Figure 3.

Prenatal steroid treatment reduces insulitis and the incidence of T1D in NOD mice. (A) Schematic representation of the NOD mouse model. (B) Percentage of T1D-free NOD mice during 25 weeks of follow-up (n = 16–18 females per group). Gehan–Breslow–Wilcoxon test was used for statistical analysis. (C) Frequency of CD4⁺, Treg cells, CD8⁺, and DN splenocytes from female NOD mice at 6 weeks (n = 9–12 per group). (D) Comparison of Vβ chain usage between NOD offspring from betamethasone- (Bet) and sham-treated (PBS) dams at 6 weeks of age (n = 9–12 per group, female). Each T cell receptor (TCR) Vβ chain among CD4⁺ and CD8⁺ T cells is represented by a segment proportional in size to its frequency (which on average cover between 55 and 78% of all cells within the T cell subsets, the segment “other Vβ” indicates Vβ chain expression not covered by our panel of TCR Vβ chain-specific Abs). Segments marked with a star differ statistically significant between the groups (PBS or Bet), framed segments indicate TCR Vβ chains important for autoimmune disease in NOD mice. (E) Detailed results for the relevant TCR Vβ12 in CD4⁺ and TCR Vβ4 and Vβ6 in CD8⁺ spleen cells.
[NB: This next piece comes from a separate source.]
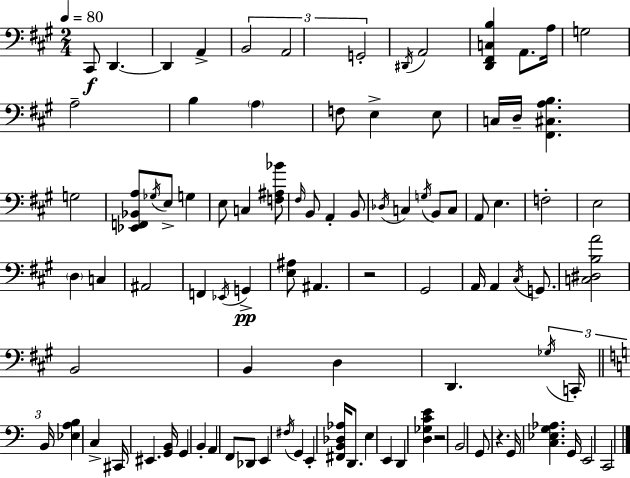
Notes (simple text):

C#2/e D2/q. D2/q A2/q B2/h A2/h G2/h D#2/s A2/h [D2,F#2,C3,B3]/q A2/e. A3/s G3/h A3/h B3/q A3/q F3/e E3/q E3/e C3/s D3/s [F#2,C#3,A3,B3]/q. G3/h [Eb2,F2,Bb2,A3]/e Gb3/s E3/e G3/q E3/e C3/q [F3,A#3,Bb4]/e F#3/s B2/e A2/q B2/e Db3/s C3/q G3/s B2/e C3/e A2/e E3/q. F3/h E3/h D3/q C3/q A#2/h F2/q Eb2/s G2/q [E3,A#3]/e A#2/q. R/h G#2/h A2/s A2/q C#3/s G2/e. [C3,D#3,B3,A4]/h B2/h B2/q D3/q D2/q. Gb3/s C2/s B2/s [Eb3,A3,B3]/q C3/q C#2/s EIS2/q. [G2,B2]/s G2/q B2/q A2/q F2/e Db2/e E2/q F#3/s G2/q E2/q [F#2,B2,Db3,Ab3]/s D2/e. E3/q E2/q D2/q [D3,Gb3,C4,E4]/q R/h B2/h G2/e R/q. G2/s [C3,Eb3,G3,Ab3]/q. G2/s E2/h C2/h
N-way ANOVA was used for statistical analysis of TCR Vβ chain usage. (F) Representative H&E stained sections of pancreata from male and female T1D-free mice at sacrifice (25 weeks). (G) Insulitis score and (H) percentage of islets (presented as degree of infiltration: 0 = no insulitis, 1 = peri-insular inflammation, 2 = infiltration < 25%, 3 = infiltration 25–75%, 4 = infiltration > 75%) from non-diabetic male and female (n = 3 per group) NOD mice. Unpaired Student’s t-test was used for statistical analysis, *P < 0.05 and **P < 0.01.